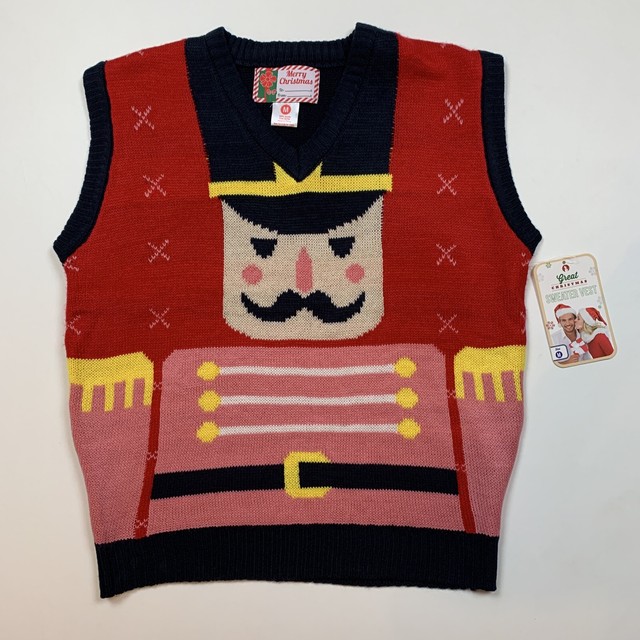 Christmas Sweater Vest Size 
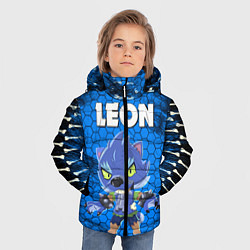 Куртка зимняя для мальчика BRAWL STARS LEON ОБОРОТЕНЬ, цвет: 3D-черный — фото 2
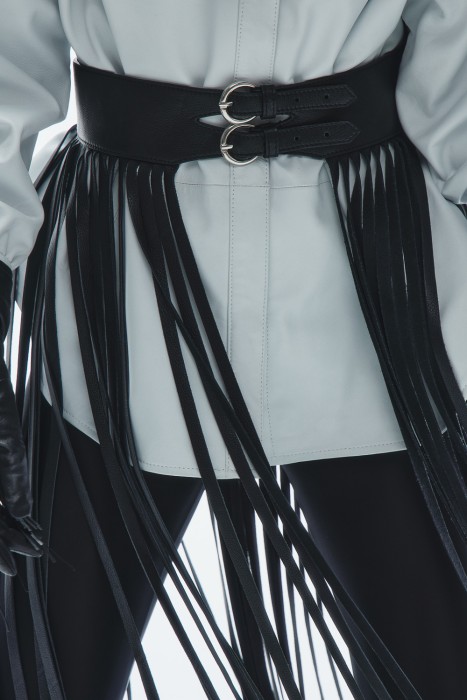 пояс с бахромой из натуральной кожи по цене 15990 руб вид справа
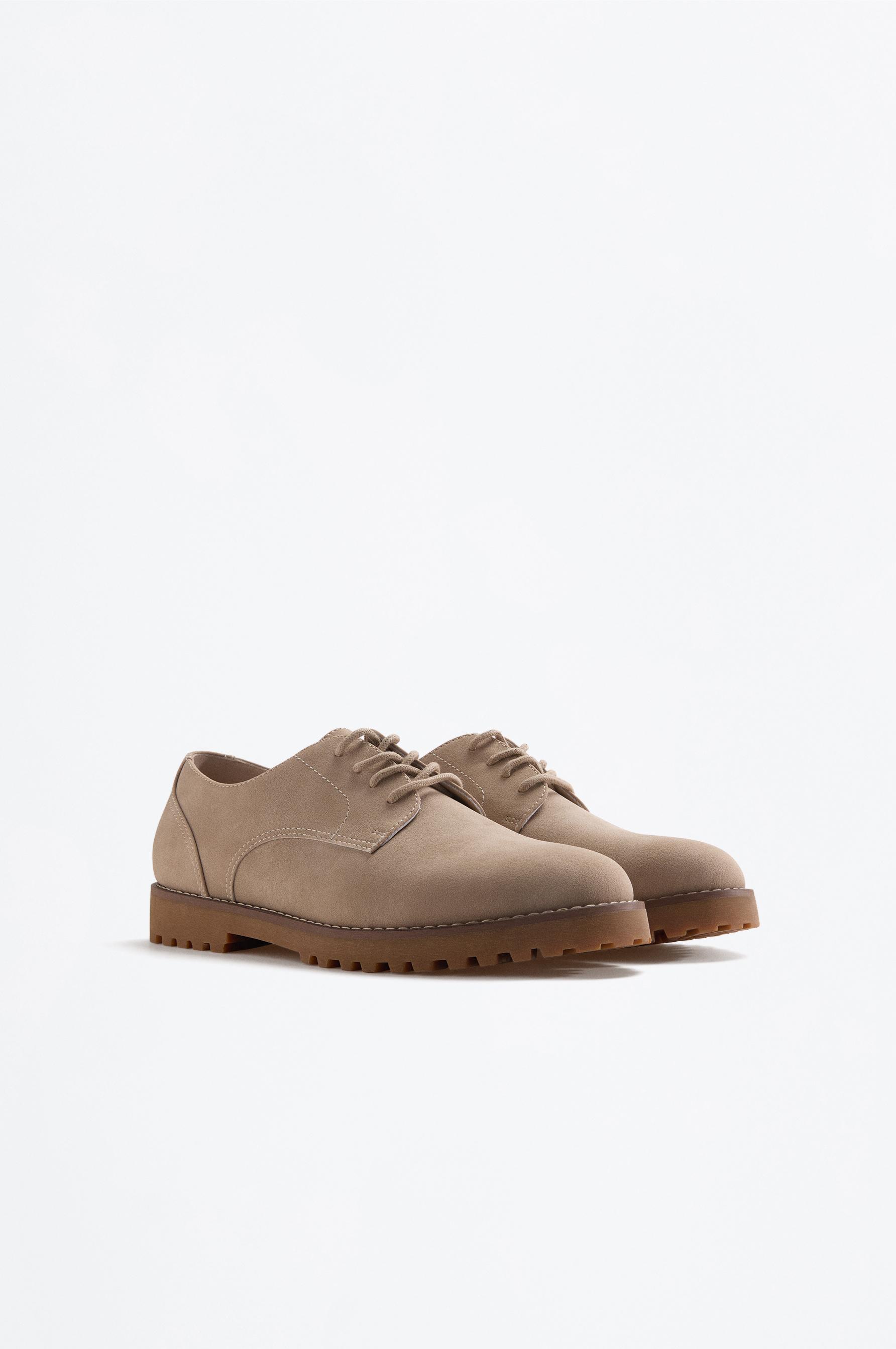 Blucher Dress Shoe — GREY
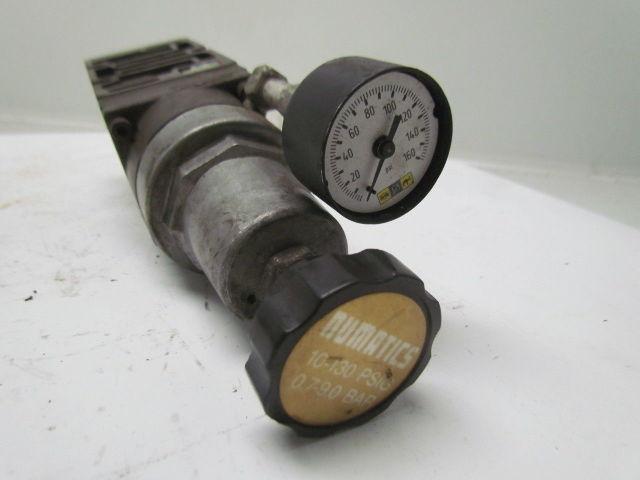 Numatics 554RS100J Pneumatic Sandwich pressure regulator w/gauge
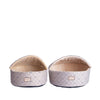 Cat Bed, Small, Pale Silver And Beige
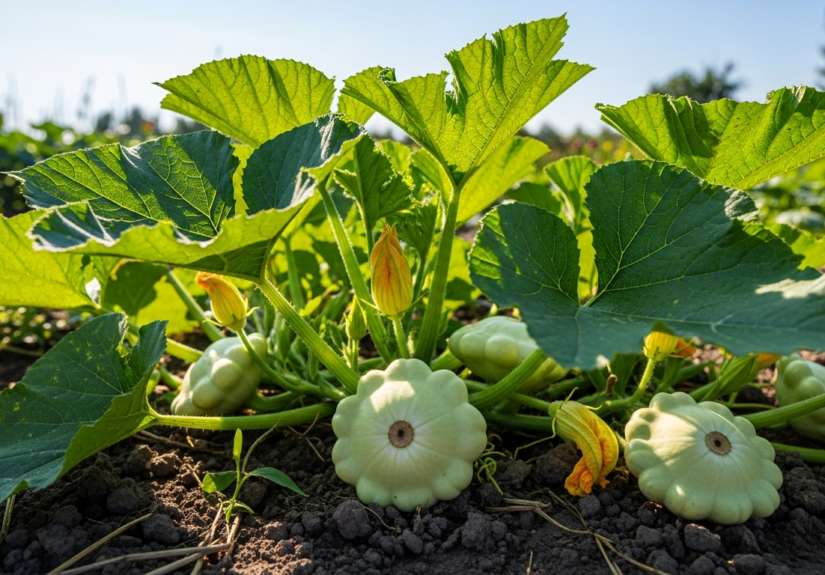 Выращивание патиссонов в открытом грунте на солнечной грядке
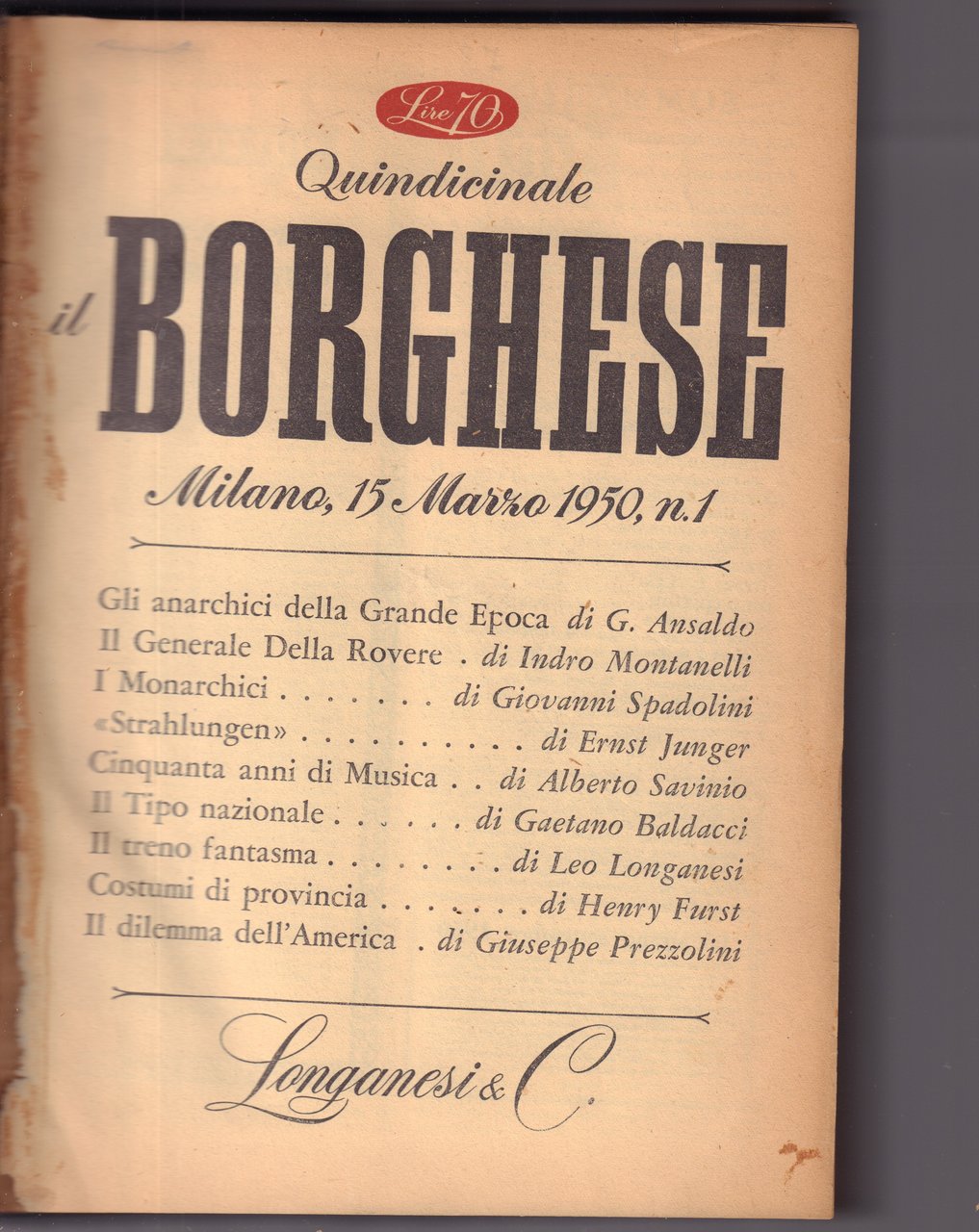 Il Borghese-Quindicinale- Annata completa 1950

------------

Everything from the line containing "Cat Bed, Small, Pale Silver And Beige" to the final line of the listing above, both ends included, should be transcribed word for word, except for the pictures.

**EXPECTED OUTPUT**
 Cat Bed, Small, Pale Silver And Beige
 Выращивание патиссонов в открытом грунте на солнечной грядке
 Il Borghese-Quindicinale- Annata completa 1950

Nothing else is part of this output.